Saturday, September 11, 2010

In Memoriam


"I am the Good Shepherd, and the Good Shepherd lays down his life for his sheep. Greater love than this no man hath than to lay down his life for his friends."

His lifeless body carried away from the fray by the same people he served and loved. Moments before his untimely death on September 11, 2001, Fr. Mychal Judge was ministering to the dying and the injured and administering Last Rites to human beings that died that morning amidst the rubble of evil.

What started out as a beautiful September morning in New York City turned abruptly into unspeakable darkness. Fr. Mychal, Brooklyn's own Franciscan priest and Chaplain to NYC firefighters upon hearing the news that the World Trade Center was in flames, rushed to the scene to lend both hands. He never returned to the firehouse along with 343 other firefighters around NYC.

In that terrible holocaust of the World Trade Center, 2,606 innocent people died from the hands of crazed Islamic fanatics. For some strange inexplicable reason, Fr. Mychal's body was the first body released from Ground Zero. His death certificate had the number one on the top.

In a brilliantly written and delivered eulogy Father Mychal's friend and fellow priest, Father Michael Duffy, Fr. Duffy writes: "And so this morning we come to bury Mike Judge's body but not his spirit. We come to bury his mind but not his dreams. We come to bury his voice but not his message. We come to bury his hands but not his good works. We come to bury his heart but not his love."

You see Mychal's message was one of love and life. Those that took his meaningful life along with the other almost 3,000 victims of terror don't share those values.

Highjacked Flight United 93 crashed headlong into that Shanksville field at 550MPH incinerating all innocents aboard. What was heard before the crash on the voice recorder? "Allaha Akbar." Then silence. Translation: Allah is Great.

As one radical Islamist stated recently, "We love death. The USA loves life. That is the big difference between us." Tony Blair is right on when he writes: "Radical Islam is the world's greatest threat today." Their singular way of expression is unleashing sociopathic mayhem around the world...constantly.

So, today we pray in thanksgiving for the life of Fr. Mychal and those who serve others in and out of the shadows of this world. We also pray for those left behind when their loved ones did not come home on that fateful day. They will never be forgotten.
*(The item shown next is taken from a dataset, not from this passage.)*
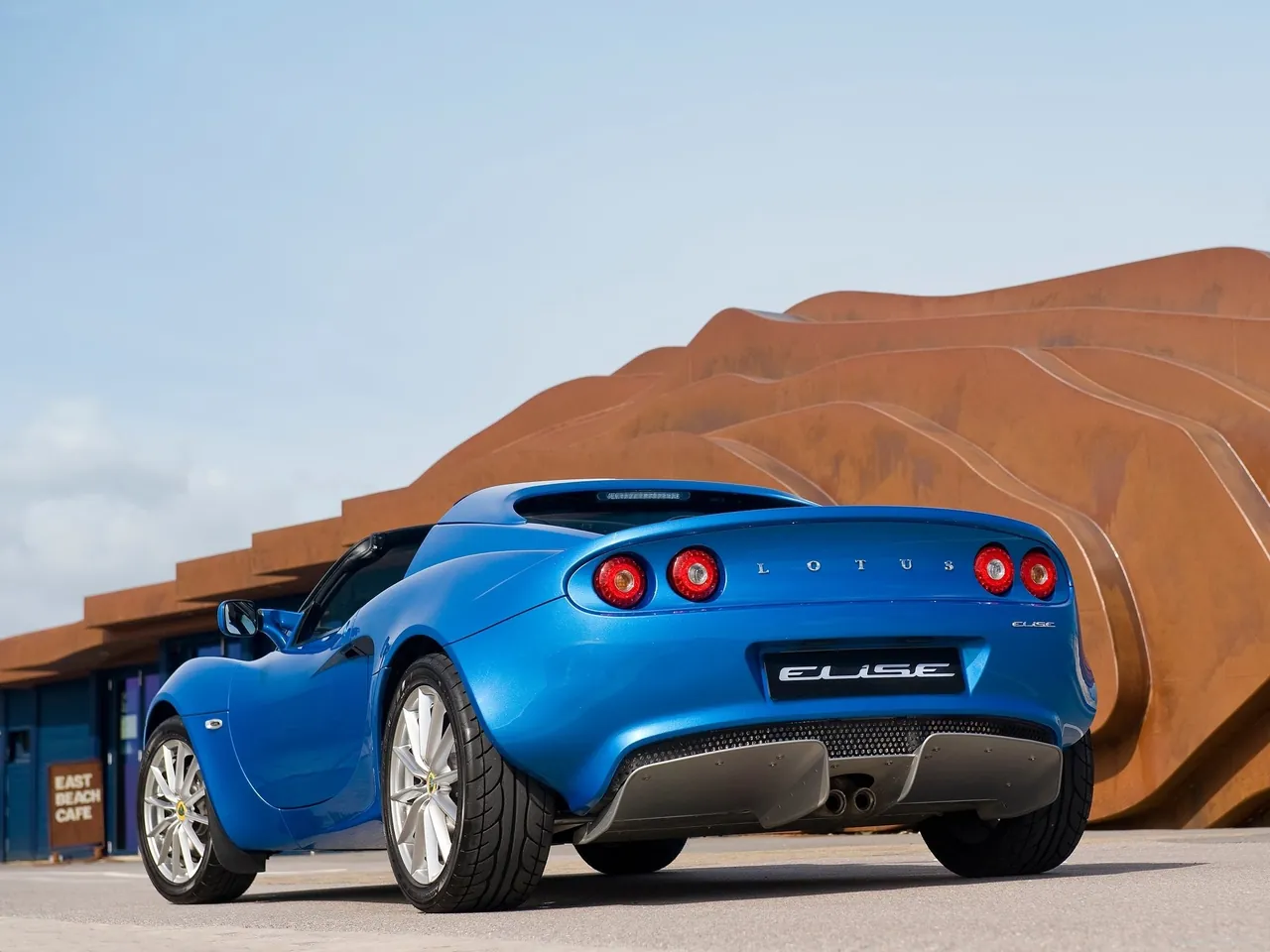 Lotus Elise (2011) – zadní tříčtvrteční pohled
Fr. Mychal, the shepherd, is gone like so many others before and after him, while the jackals multiply. But as the Gospel proclaims, "evil will not triumph."

May God continue to help us all.

1 comment:

  1. Dan, great blog! I'm so glad our Good Shepherd taught and demonstrated for us to prefer others over ourselves and that the greatest love is manifested in the willingness to die in another human's stead. Quite contrary to "the world's greatest threat today"

    Hope you and your family are doing well my friend. Thank you for calling remembrance to this day.